I create an image node with jquery and want to show it as a bigger version on top of the original.
The copied image does not show up in Chrome and Safari, but works in Internet Explorer and Firefox. The console does not report errors. The inspector shows the the cloned image element with all the right css properties, but gives the element a 0 x 0 pixels size.
I don’t see any css rules that would hint to a 0x0 size.

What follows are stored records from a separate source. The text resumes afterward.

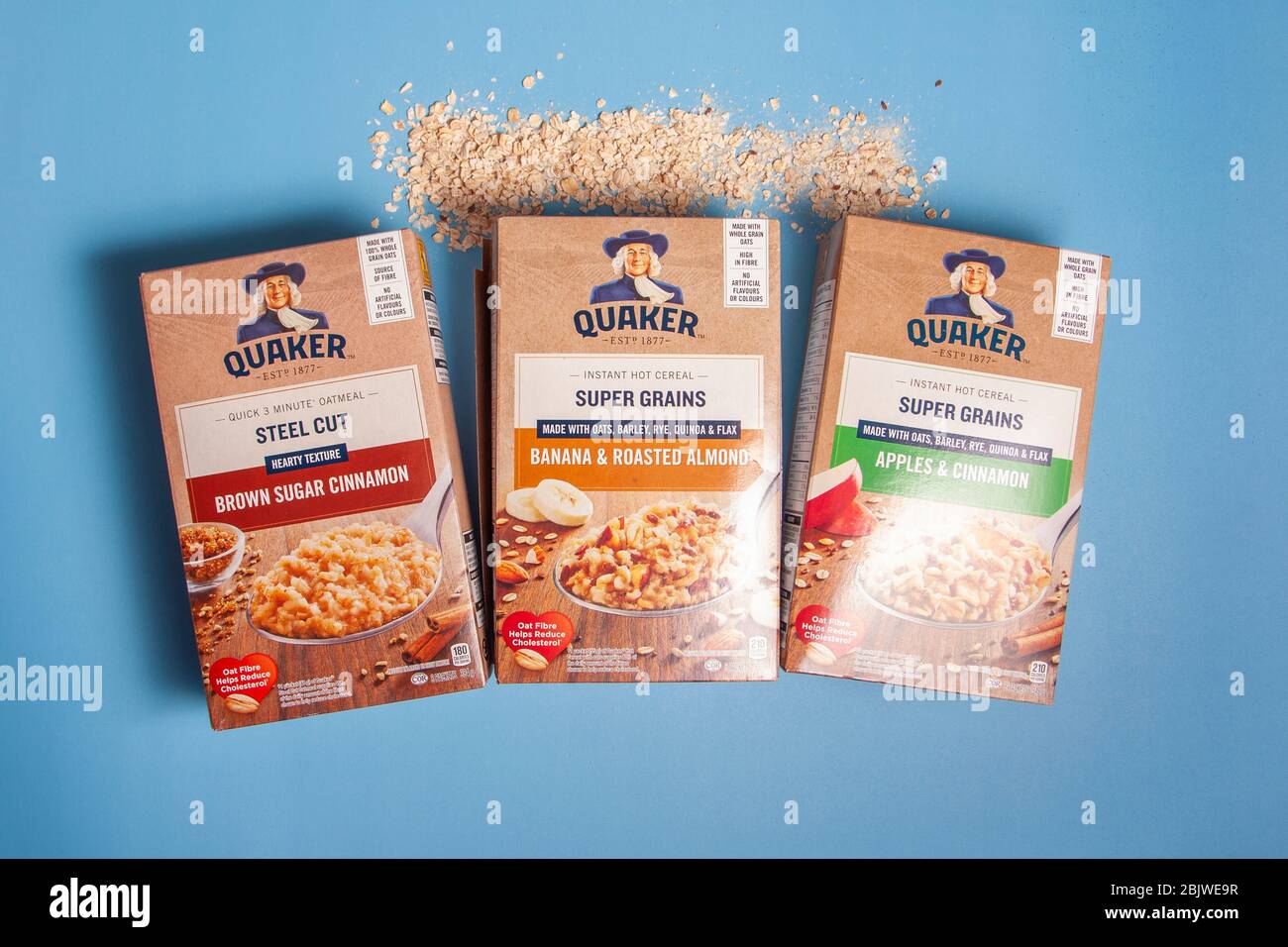 Quaker oats container hi-res stock photography and images - Alamy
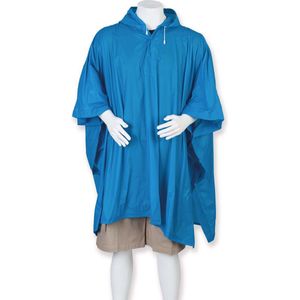 Regencape Poncho voor volwassenen Kleur Saphir/ in 8 verschillende kleuren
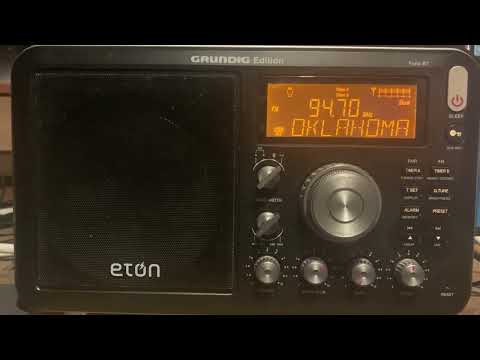 FM DX: 94.7 KOKQ Oklahoma City, Oklahoma - legal ID, November 14, 2023 in NW Arkansas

here is a screenshot illustrating the situation

(https://i.stack.imgur.com/AhiPf.png)
here is a link to demo the behaviour, try clicking on the image with firefox and chrome:
download.toastlab.ch/segtest
edit:
the Javascript code that creates the element:
$('.streamcontent').on('click', 'img.clickable', function () {
var img = new Image();
img.src = $(this).attr('src');
var w = img.width,
h = img.height;
img = $(img).addClass('bigger');
var tw = $(this).width();
var th = $(this).height();
var pos = $(this).position();
var center = {
top: pos.top + th / 2,
left: pos.left + tw / 2
};
img.css({
position: 'absolute',
top: pos.top,
left: pos.left,
width: tw,
height: th,
opacity: 0
}).animate({
top: center.top - h / 2,
left: center.left - w / 2,
height: h,
width: w,
opacity: 1
}, 300, function () {
$('body').one('click', function () {
img.animate({
top: pos.top,
left: pos.left,
width: tw,
height: th,
opacity: 0
}, function () {
img.remove();
});
});
});
$(this).parent().append(img);
});
Found it.
There is a CSS rule that specifies a maximum size (with
max-widthandmax-height), I needed to override that rule to allow the bigger image… to be bigger.To do this I overwrote max-width & height with a ridiculously high value (999999999px). It seems like this value crashed the “webkit renderers image size calculation”, leaving the image size at 0 x 0. Setting the value to 9999px resolved the problem
I don’t know if this qualifies as webkit bug or not.